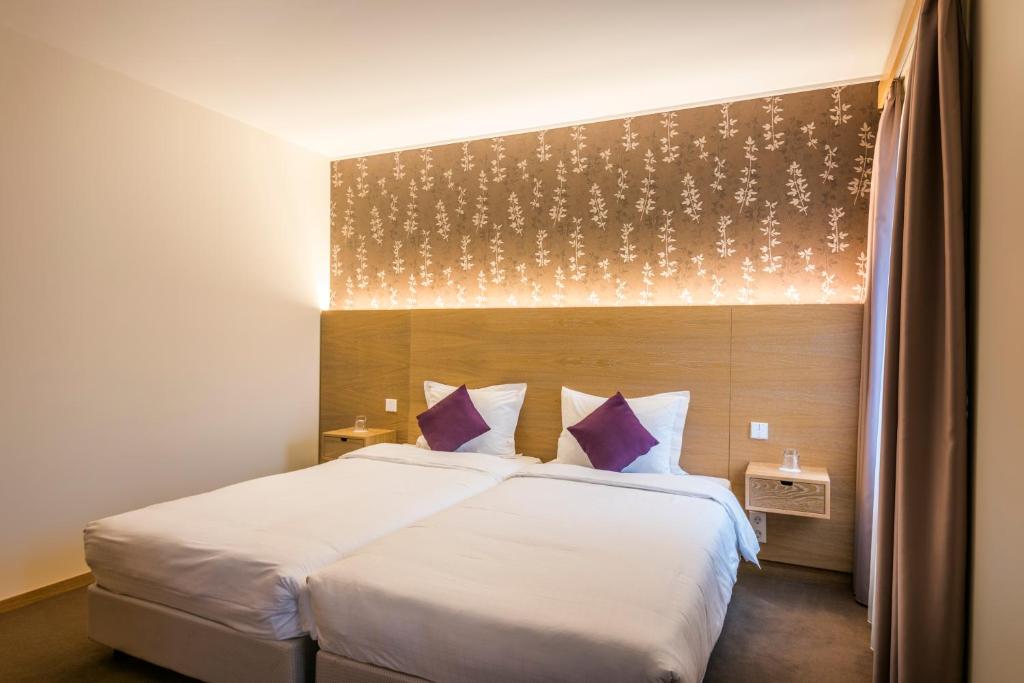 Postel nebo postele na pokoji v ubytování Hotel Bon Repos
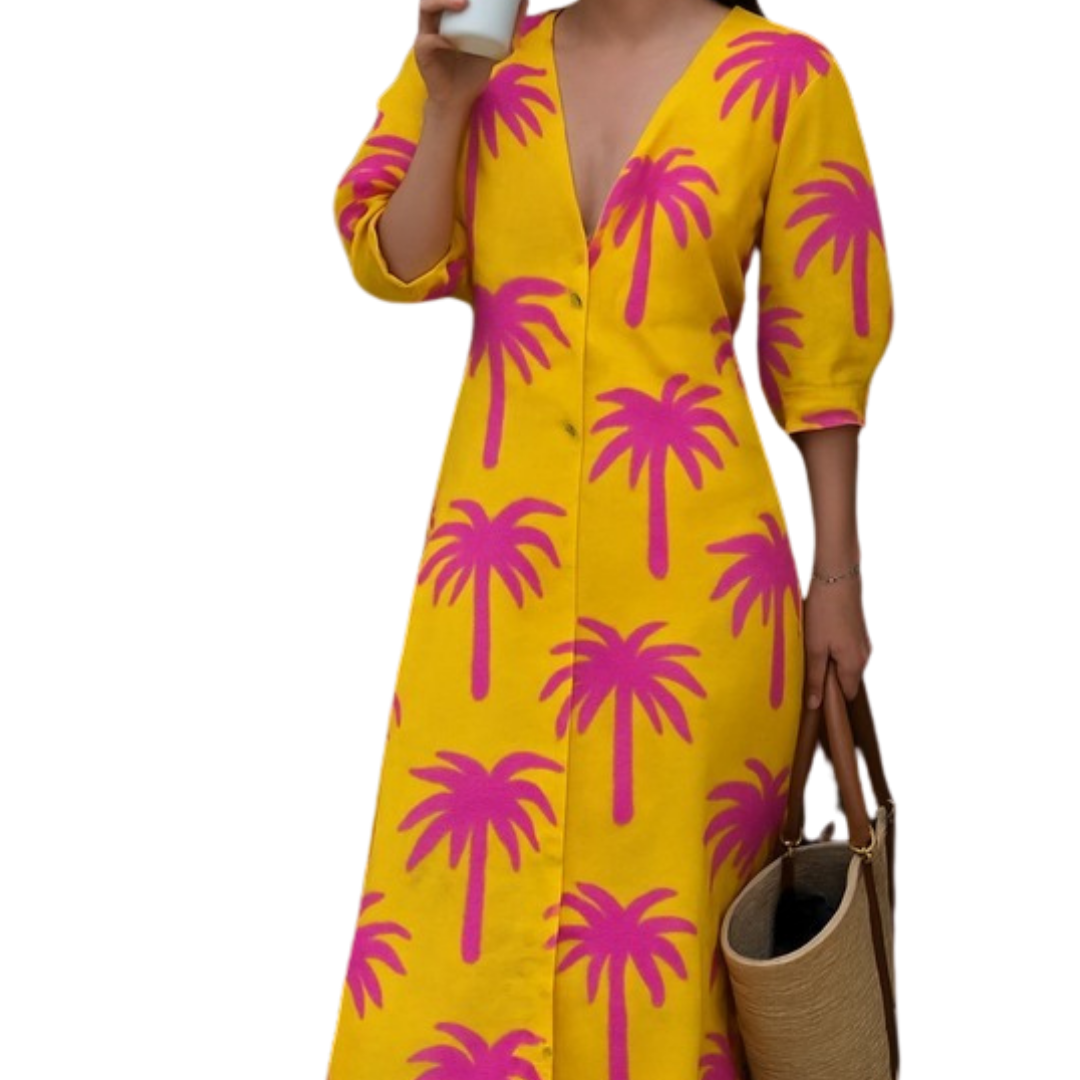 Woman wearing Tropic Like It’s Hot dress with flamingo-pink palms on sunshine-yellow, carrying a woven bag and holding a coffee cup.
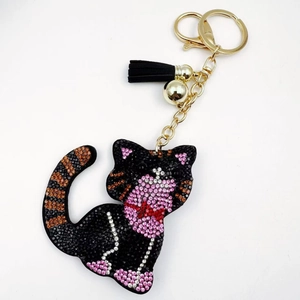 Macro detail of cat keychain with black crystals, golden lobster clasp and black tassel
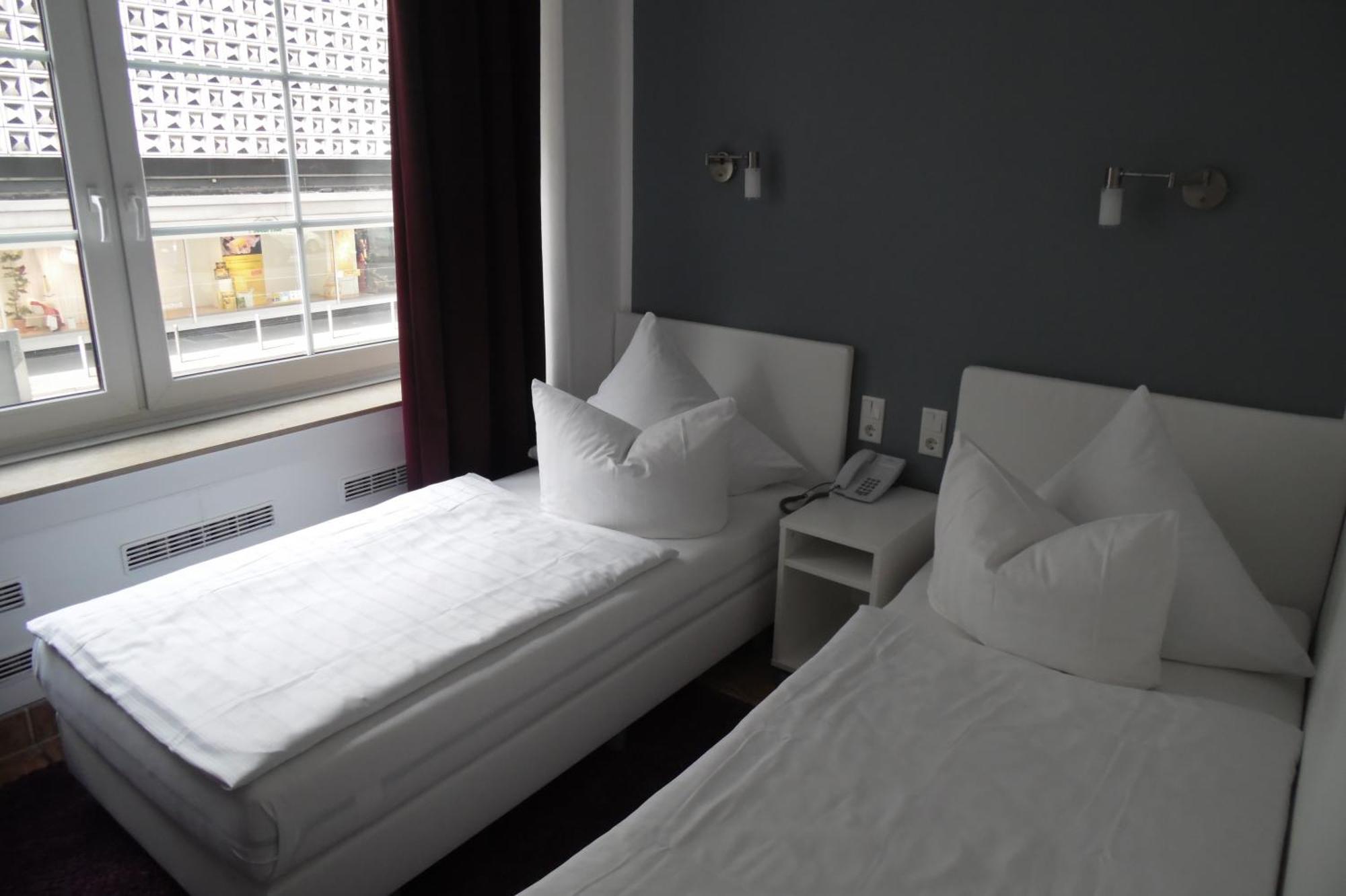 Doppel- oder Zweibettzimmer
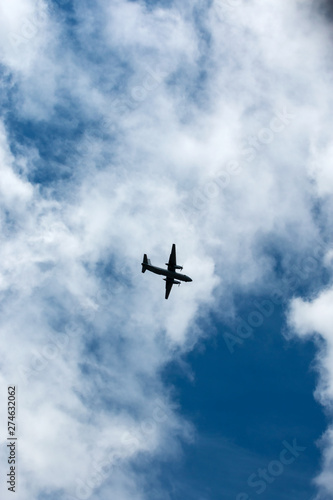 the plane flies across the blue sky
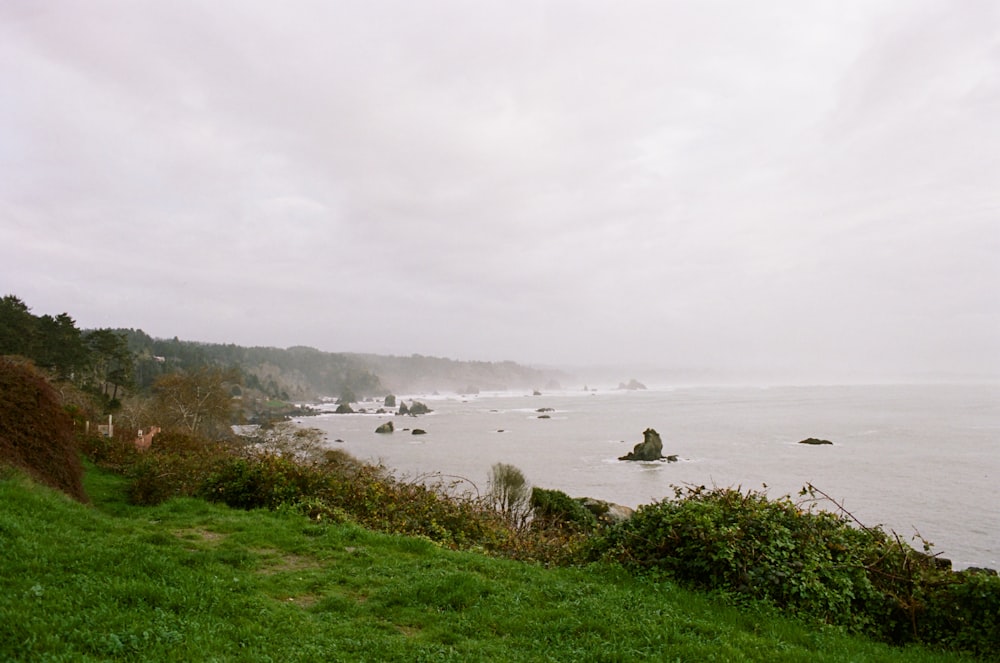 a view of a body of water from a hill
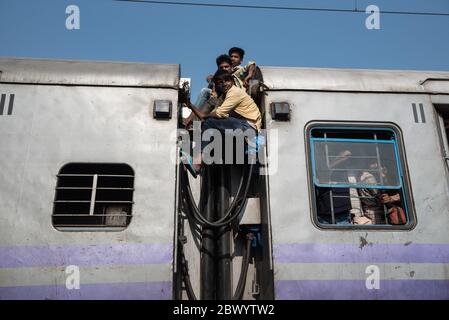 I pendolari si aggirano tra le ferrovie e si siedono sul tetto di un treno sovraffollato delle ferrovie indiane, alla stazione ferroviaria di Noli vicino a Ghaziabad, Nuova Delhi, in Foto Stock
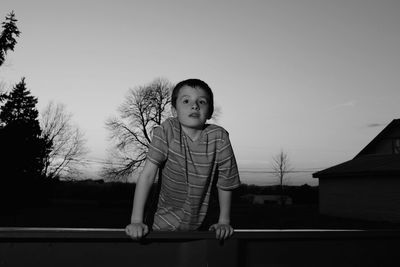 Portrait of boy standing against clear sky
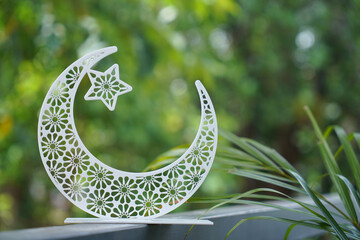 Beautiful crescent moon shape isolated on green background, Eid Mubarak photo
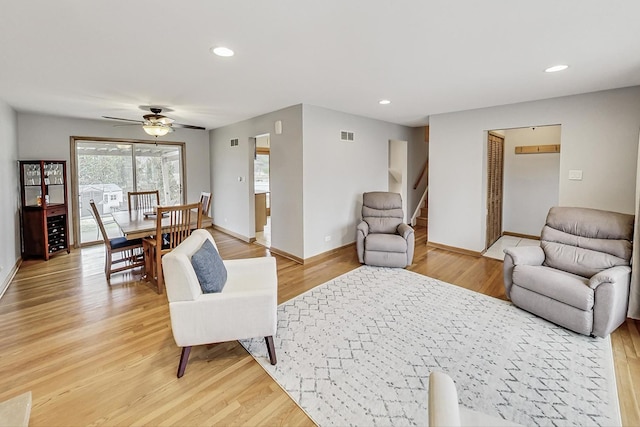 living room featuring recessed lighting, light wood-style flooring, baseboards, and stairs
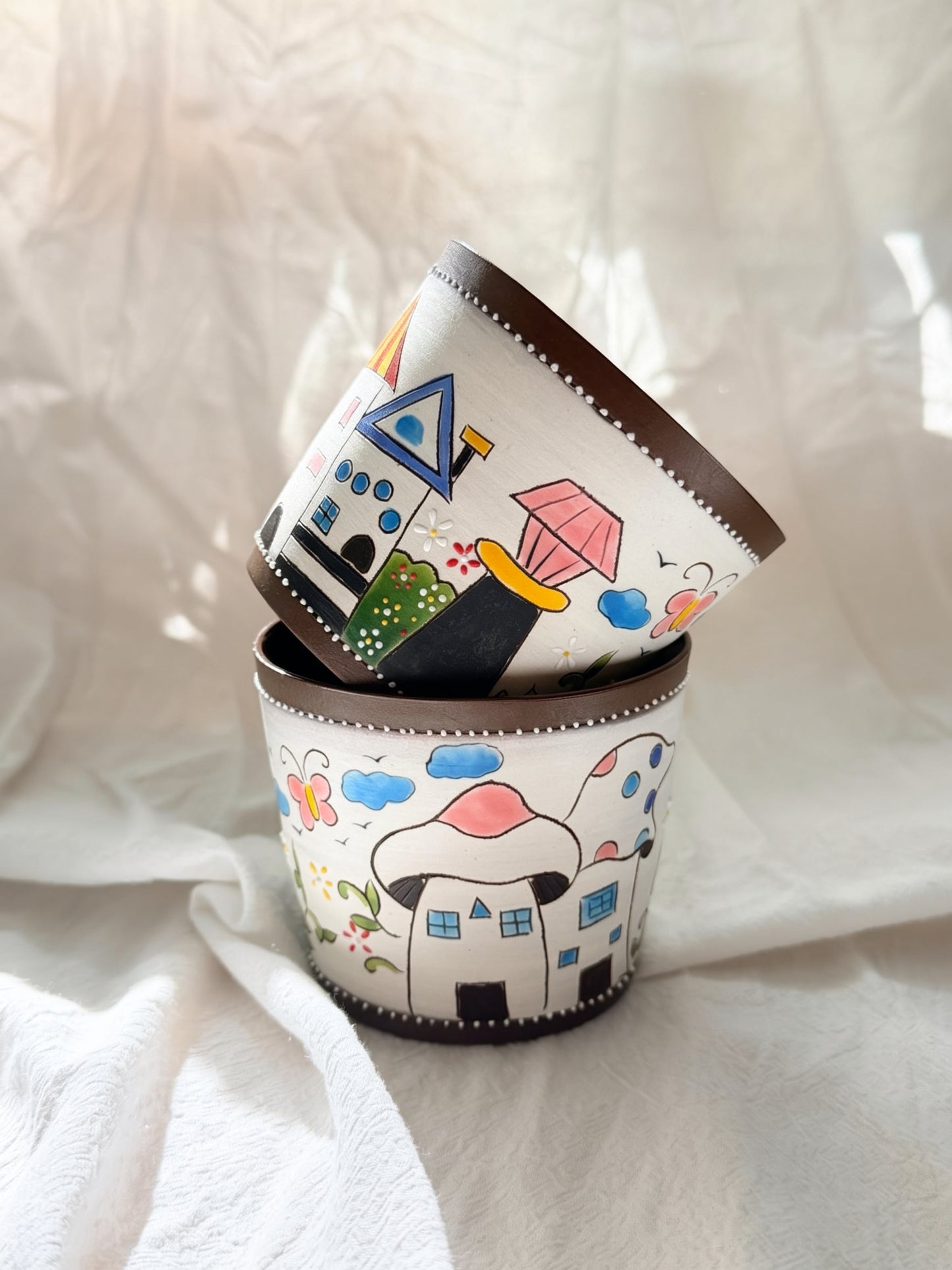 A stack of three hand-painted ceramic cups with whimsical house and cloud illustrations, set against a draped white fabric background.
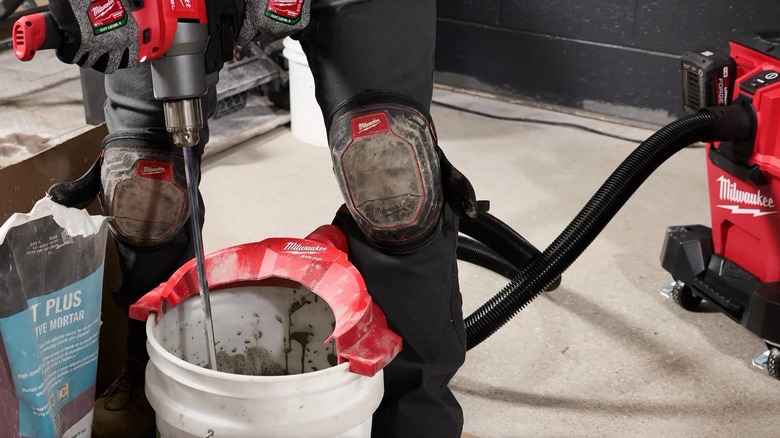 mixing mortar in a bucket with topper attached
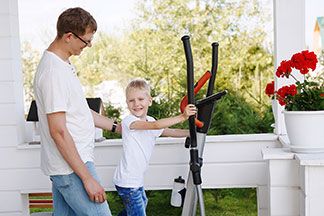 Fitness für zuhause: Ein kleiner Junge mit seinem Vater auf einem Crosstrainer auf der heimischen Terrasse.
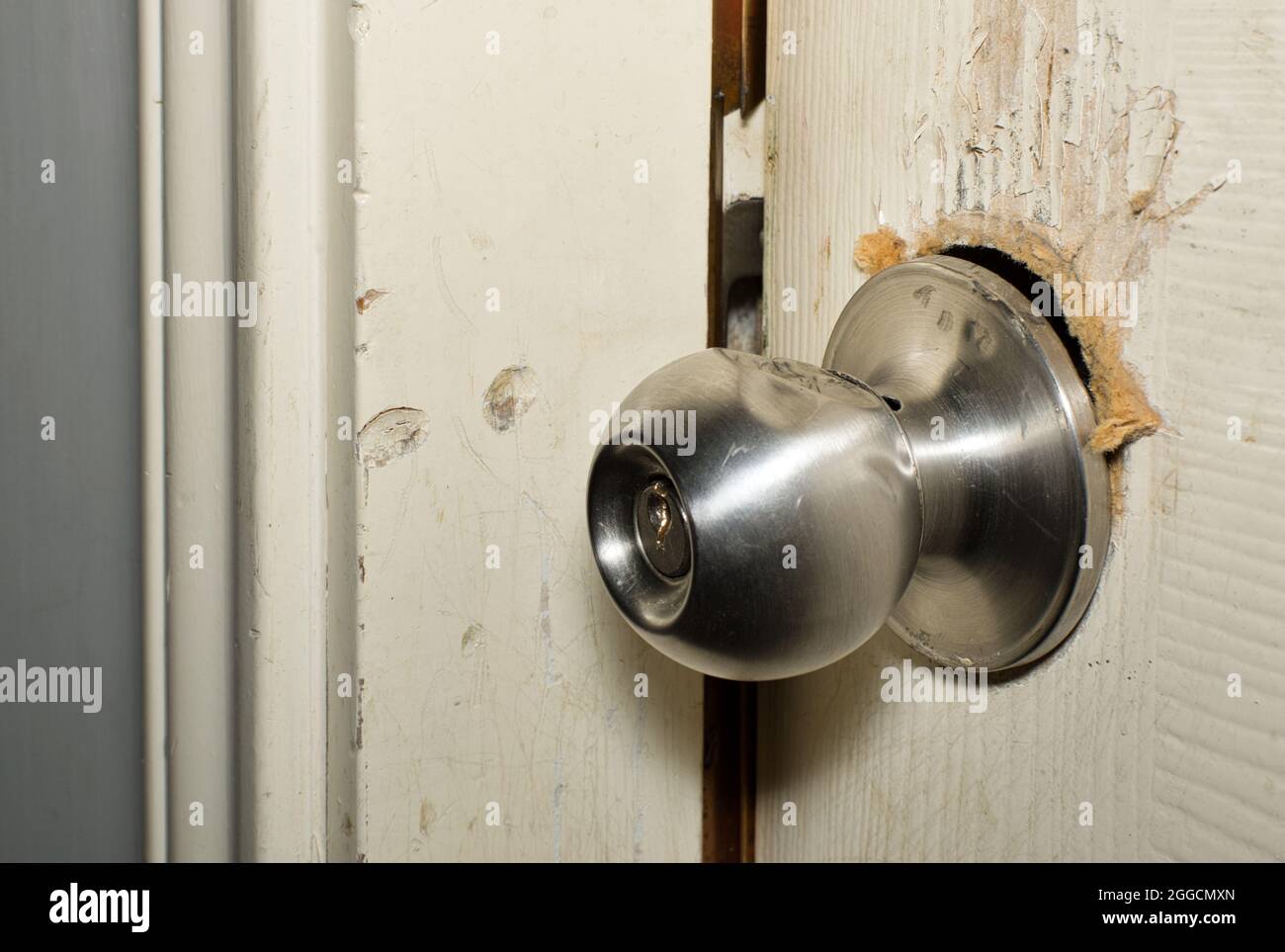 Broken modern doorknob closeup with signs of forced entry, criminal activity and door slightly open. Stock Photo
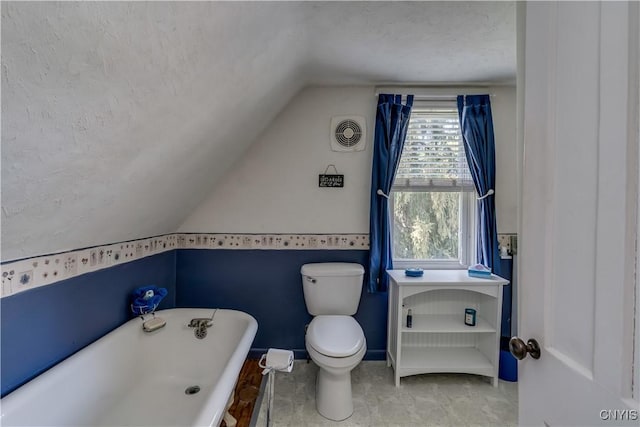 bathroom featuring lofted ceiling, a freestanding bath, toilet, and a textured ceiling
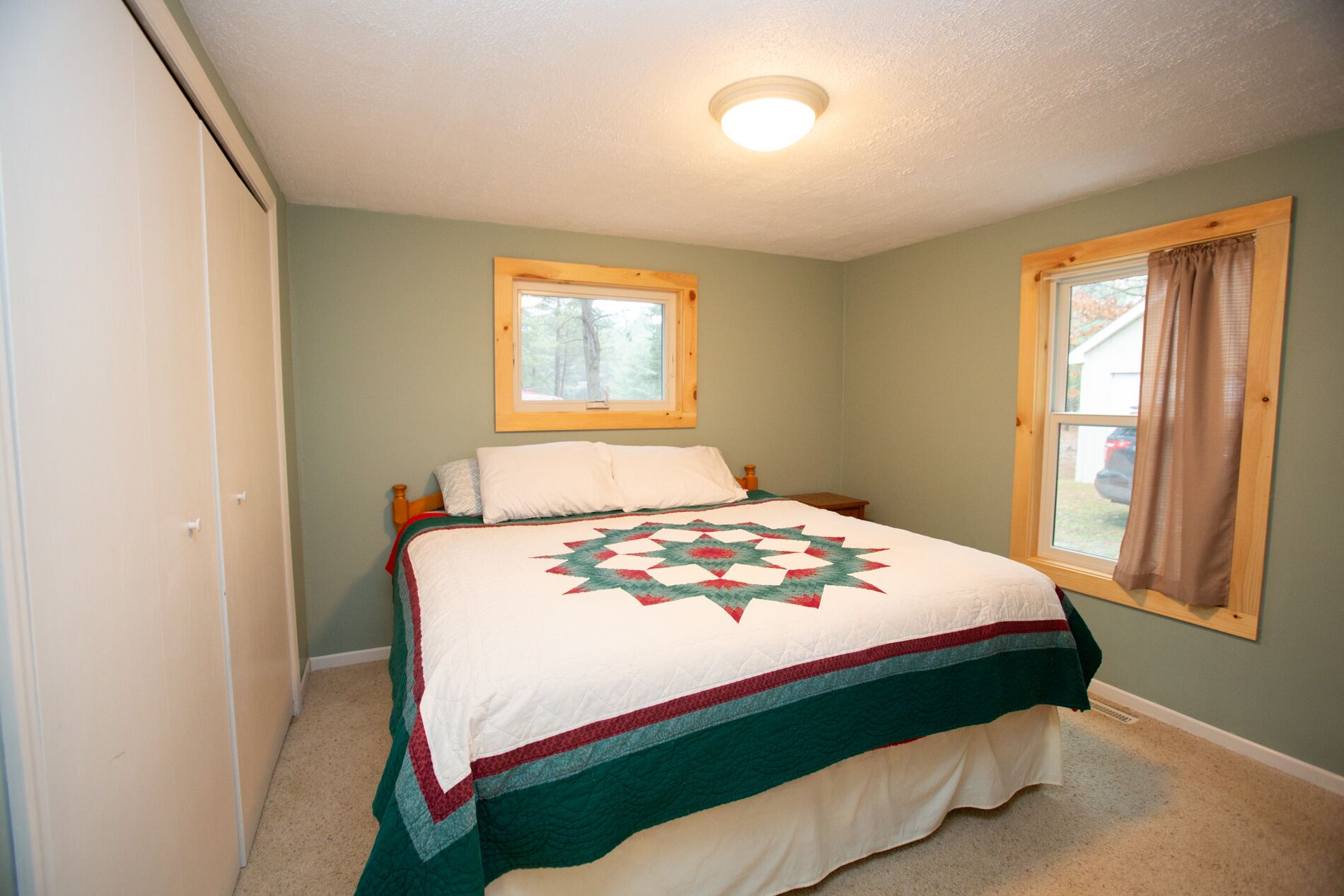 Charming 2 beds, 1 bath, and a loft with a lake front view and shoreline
-- -- --
[To do]
Line by line, write out the data above exactly, without the pictures.

[Expected output]
 Postel nebo postele na pokoji v ubytování Hotel Bon Repos
 Woman wearing Tropic Like It’s Hot dress with flamingo-pink palms on sunshine-yellow, carrying a woven bag and holding a coffee cup.
 Macro detail of cat keychain with black crystals, golden lobster clasp and black tassel
 Doppel- oder Zweibettzimmer
 the plane flies across the blue sky
 a view of a body of water from a hill
 I pendolari si aggirano tra le ferrovie e si siedono sul tetto di un treno sovraffollato delle ferrovie indiane, alla stazione ferroviaria di Noli vicino a Ghaziabad, Nuova Delhi, in Foto Stock
 Portrait of boy standing against clear sky
 Beautiful crescent moon shape isolated on green background, Eid Mubarak photo
 living room featuring recessed lighting, light wood-style flooring, baseboards, and stairs
 A stack of three hand-painted ceramic cups with whimsical house and cloud illustrations, set against a draped white fabric background.
 mixing mortar in a bucket with topper attached
 Fitness für zuhause: Ein kleiner Junge mit seinem Vater auf einem Crosstrainer auf der heimischen Terrasse.
 Broken modern doorknob closeup with signs of forced entry, criminal activity and door slightly open. Stock Photo
 bathroom featuring lofted ceiling, a freestanding bath, toilet, and a textured ceiling
 Charming 2 beds, 1 bath, and a loft with a lake front view and shoreline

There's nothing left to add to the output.